Überall weltweite Eindeutigkeit bei IPv6, aber wie dauerhaft?

Zunächst ist der wichtige Umstand festzuhalten, dass eine IPv6-Adresse zweifach weltweit eindeutig werden kann und meistens auch wird. Zum einen geschieht dies zwingend im Präfix, also grob in den ersten 64 Bit der Adresse, welche dem Kunden vom Internetprovider zugewiesen werden. Dies ist erforderlich, um Datenverkehr dem entsprechenden Internetanschluss zuführen zu können. Zum anderen wird oft noch einmal der Interface Identifier, also die letzten 64 Bit der Adresse, die vom Kunden eines Providers eigentlich völlig frei für jeden Rechner gewählt werden könnten, weltweit eindeutig. Die 128 Bit lange IPv6-Adresse besteht aus Präfix und Interface Identifier und jede einzelne Information lässt für sich recht sicher auf einen Teilnehmeranschluss oder gar Teilnehmer schließen. Wenn auch nur eine dieser Informationen sich nicht regelmäßig ändert, hat man also ein eindeutiges Indentifizierungsmerkmal.

Bei der Wahl des Interface Identifiers ergibt sich ein Dilemma: Wählen wir ihn sehr zufällig, wie z.B. 21a4:73f6:8e25:7515, wird er weltweit eindeutig, und wählen wir ihn zu einfach, wie z. B. 0:0:0:10, kann er leicht erraten werden. Denn ein Aspekt kommt noch hinzu: Der erste Schritt eines Angriffs von außen auf ein Netz ist meistens ein Sweep-Scan, das heißt, der Angreifer versucht festzustellen welche  IP-Adressen irgendeine Antwort liefern, sei es auf Echo-Anfragen oder Portscans. Das ist für Netzgrößen von wenigen hundert Adressen, wie sie bei IPv4 üblich sind, in wenigen Minuten geschehen, und so ist es Realität, dass auf jedem mittels IPv4 an das Internet angeschlossenen Rechner pro Minute einige solcher ungebetenen Pakete ankommen, die versuchen Schwachstellen zu finden. Dagegen können bei IPv6 unmöglich alle 2 hoch 64 Adressen, die durch unterschiedliche Wahl des Interface Identifiers möglich sind, von einem Angreifer via Sweep-Scan durchprobiert werden. Ein Rechner sollte sich bei IPv6 also in der irrsinnigen Menge möglicher Adressen verstecken, die jedem Heimanschluss zur Verfügung stehen. In der Praxis erzeugen viele IPv6-Implementierungen den Interface Identifier immer wieder gleich und quasi weltweit eindeutig aus der Hardwareadresse (MAC-Adresse) der Netzwerkkarte.
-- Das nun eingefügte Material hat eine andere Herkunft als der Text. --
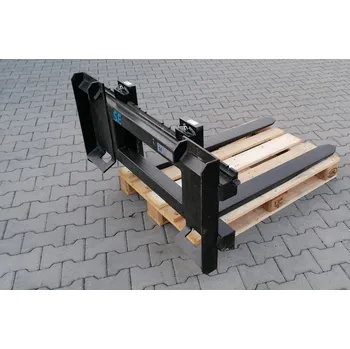 Sada nářadí Paletizační vidle SADA na CAT 906-908 1,2m 2,5t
Der Status quo: Überwachbarkeit von IPv4

Doch wie steht es eigentlich um die Überwachbarkeit von IPv4? Der Stand heute ist, dass ein Internetprovider technisch natürlich den Datenverkehr mit Quell- und Zieladresse mitlesen kann. Sicherheitsbehörden kann problemlos die Möglichkeit zur Überwachung von IPv4-Anschlüssen und Zugriff auf die Historie der IPv4-Adressen, die dafür vergeben wurden, gewährt werden. Die gute alte Fangschaltung, wie sie noch in einigen Krimis immer mal wieder bemüht wird, benötigt man nicht mehr.
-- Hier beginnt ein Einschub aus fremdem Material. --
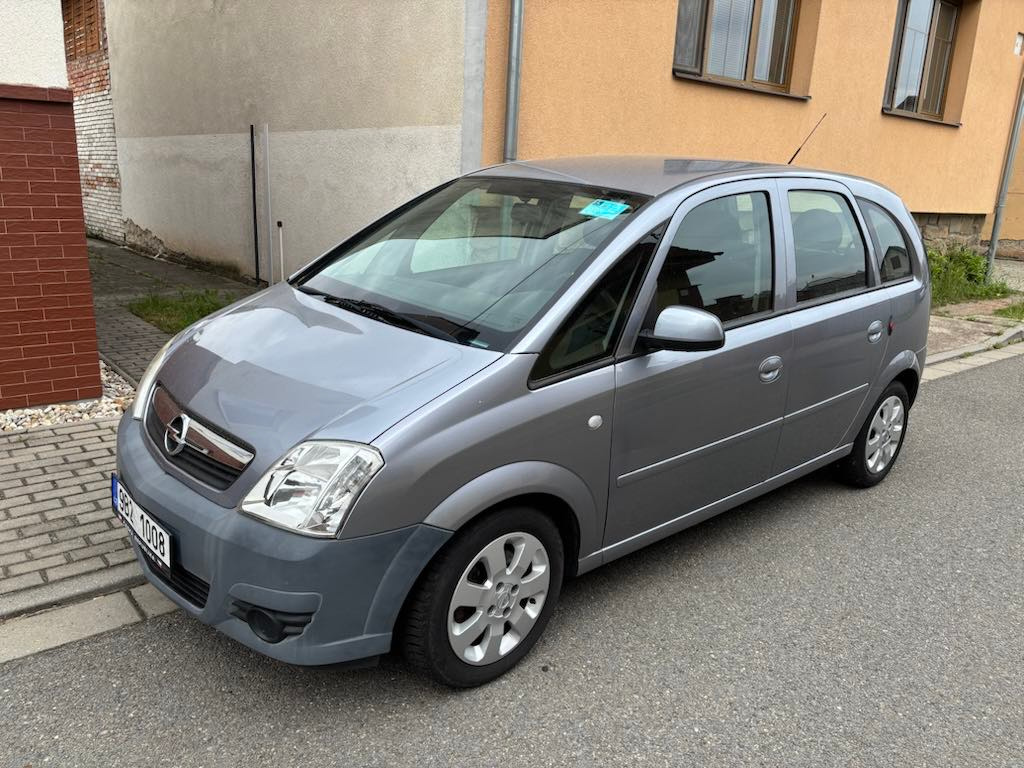 Prodám Opel Meriva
IPv4 hat derzeit die Schwäche, dass die Kommunikation fast ausschließlich auf zentrale Server angewiesen ist, da nur diese feste Adressen haben und damit allen Beteiligten dauerhaft bekannt sind. Das gilt für E-Mail-Versand ebenso wie für das Telefonieren über IPv4 oder soziale Netzwerke. So könnte etwa der Betreiber eines Mailservers den Nutzern diktieren, dass der Verkehr unverschlüsselt und schlecht oder gar nicht authentifiziert zu geschehen hat. In jedem Falle sind diese zentralen Server, wie z. B. der eines Freemailproviders, Fundgruben für Überwachungsinstitutionen. Angeblich wurde so etwa die islamistische Sauerlandgruppe ausgehoben.
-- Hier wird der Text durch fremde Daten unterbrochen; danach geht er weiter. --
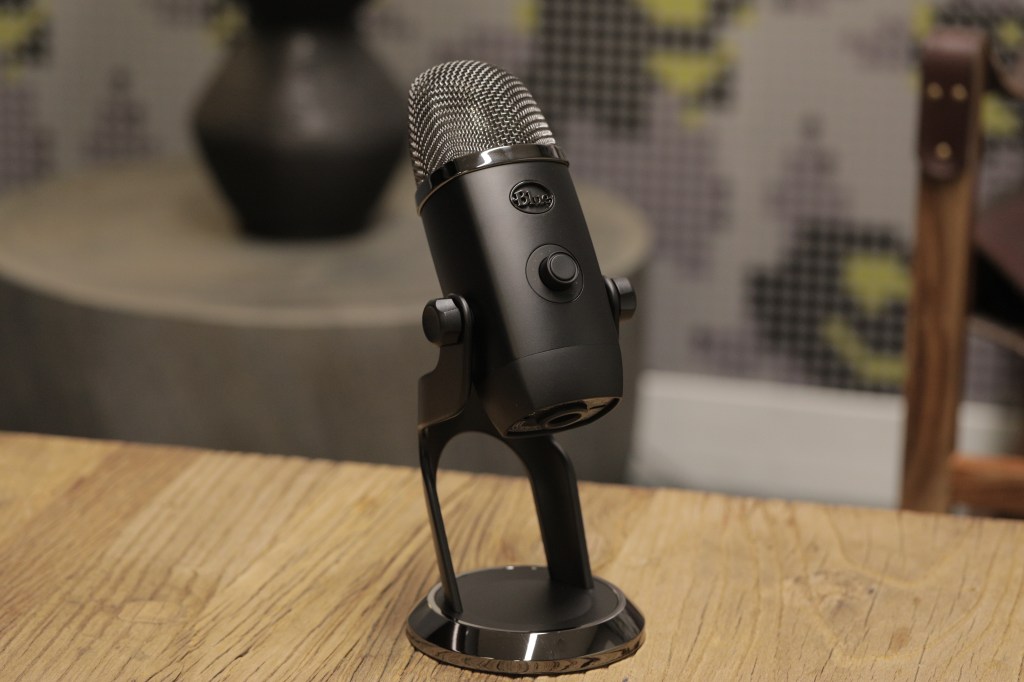 Blue Yeti X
Ein privater Internetanschluss bekommt in der Regel eine täglich wechselnde IPv4-Adresse aus einem großen Bereich zugewiesen. Zum einen können die Internetanbieter so ihre knappen Kontingente an IPv4-Adressen besser ausnutzen, zum anderen garantieren sie dem Kunden damit eine gewisse Privatsphäre. Eine Folge ist, dass Serverbetreiber bei IPv4 einen Dienst oft gar nicht abhängig von Quelladressen auf IP-Ebene freischalten können. Der einzelne Nutzer kann maximal sagen, dass er IPv4-Adressen aus einem sehr großen Pool zugewiesen bekommt, der möglichst komplett als Quelle erlaubt sein müsste. Auch ist es kompliziert auf einen Heimanschluss mit ständig wechselnder Adresse aus dem Internet zuzugreifen.

Da jedem Anschluss bei IPv4 wegen Knappheit nur eine weltweit eindeutige Adresse zugewiesen wird, benutzen die Menschen Network Address Translation (kurz NAT), um bei ausgehenden Verbindungen Richtung Internet mehrere Rechner mit so genannten privaten Adressen hinter dieser einen öffentlichen Adresse zu verstecken. Der Preis dafür ist, dass aus dem Internet auf diese Rechner nicht ohne weiteres voll zugegriffen werden kann. Der Heimanwender wird zum Konsumenten degradiert. Des Weiteren werden Verschlüsselungen, z.B. mittels IPsec, bei IPv4 oft nicht von Ende zu Ende, sondern im Tunnel-Modus realisiert, da wegen NAT der Zielrechner nicht ohne Weiteres zu erreichen ist. Das heißt, dass oft ein Teil des Weges unverschlüsselt im privaten Netz zurückgelegt wird, wenn eine unzureichende NAT-Implementierung die Kommunikation über IPsec nicht ganz unterbindet. Ein Vorteil von NAT für die Privatsphäre ist, dass sich oft ganze Netzwerke hinter einer IP-Adresse verbergen können ohne dem Internet ihre innere Struktur preiszugeben.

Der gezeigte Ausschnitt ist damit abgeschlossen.